Protocol	Description
`XET`	HuggingFace’s content-addressable chunk-based protocol. Default in `huggingface_hub` >= 0.32. Efficient for large files with deduplication.
`HF_TRANSFER`	Rust-based parallel HTTP downloader (deprecated by HuggingFace in favor of XET).
`HTTP`	Standard HTTP range-request downloads.

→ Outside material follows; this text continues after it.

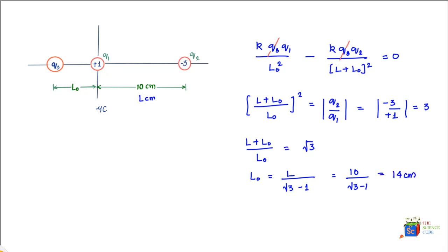So if you place a charge q3 at a distance of 14 centimeters from plus 1 micro coulomb charge, or q1, the net force on this charge would be zero, and it would be irrespective of whether the charge is positive or negative.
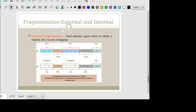Now let's see a problem with contiguous allocation: fragmentation. The problem can be of external fragmentation. First, let's see what is external fragmentation.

Most compatible, no extra dependencies.

Configuration#

The download strategy is controlled by the AIM_DOWNLOADER_PROTOCOL environment variable, which specifies a comma-separated sequence of protocols to try in order.

Default: XET,HF_TRANSFER

This can be overridden at three levels (highest precedence first):

Per-artifact via AIMArtifact.spec.env
Per-namespace via AIMRuntimeConfig.spec.env
Cluster-wide via AIMClusterRuntimeConfig.spec.env

Example: Override per artifact#

apiVersion: aim.eai.amd.com/v1alpha1
kind: AIMArtifact
metadata:
  name: my-model
spec:
  sourceUri: hf://Qwen/Qwen3-32B
  env:
    - name: AIM_DOWNLOADER_PROTOCOL
      value: "HTTP"

Example: Cluster-wide default#

apiVersion: aim.eai.amd.com/v1alpha1
kind: AIMClusterRuntimeConfig
metadata:
  name: default
spec:
  env:
    - name: AIM_DOWNLOADER_PROTOCOL
      value: "XET,XET,HTTP"

Observing Download Status#

During downloads, the artifact’s status.download field is updated by the downloader pod with protocol attempt metadata:

status:
  download:
    protocol: HTTP          # Currently active protocol
    attempt: 2              # Current attempt number (1-based)
    totalAttempts: 3        # Total attempts in the sequence
    protocolSequence: "XET,XET,HTTP"
    message: Complete       # Human-readable status

View these fields with:

kubectl get aimart -o wide          # Protocol and Attempt columns (priority=1)
kubectl get aimart my-model -o yaml # Full status.download details

How Protocol Switching Works#

The downloader iterates through the protocol sequence left to right
For each protocol, the appropriate HuggingFace environment variables are set (HF_HUB_DISABLE_XET, HF_HUB_ENABLE_HF_TRANSFER)
If a protocol fails, any .incomplete files are cleaned before switching to the next protocol
Already-completed files are skipped regardless of protocol (metadata-based)
If all protocols are exhausted, the Job fails and Kubernetes retries via backoffLimit

Download Verification#

After each download, AIM Engine performs a two-stage verification to ensure all model files are correctly persisted:

File presence check — The downloader independently queries HuggingFace for the expected file list (respecting any download filters), then verifies that every expected file exists on disk. Each verified file is explicitly fsynced to ensure it has been written to the underlying storage, which is particularly important on network filesystems. If any files are missing, the download job fails, triggering a retry.
Integrity verification — The downloader runs hf cache verify to validate file checksums against HuggingFace metadata. If integrity verification fails, the local metadata cache is cleared by default so that the retry performs a full fresh download rather than skipping files based on stale metadata.

To preserve the metadata cache on failure (e.g., for debugging), set the AIM_KEEP_METADATA_ON_FAILURE environment variable. See Environment Variables for details.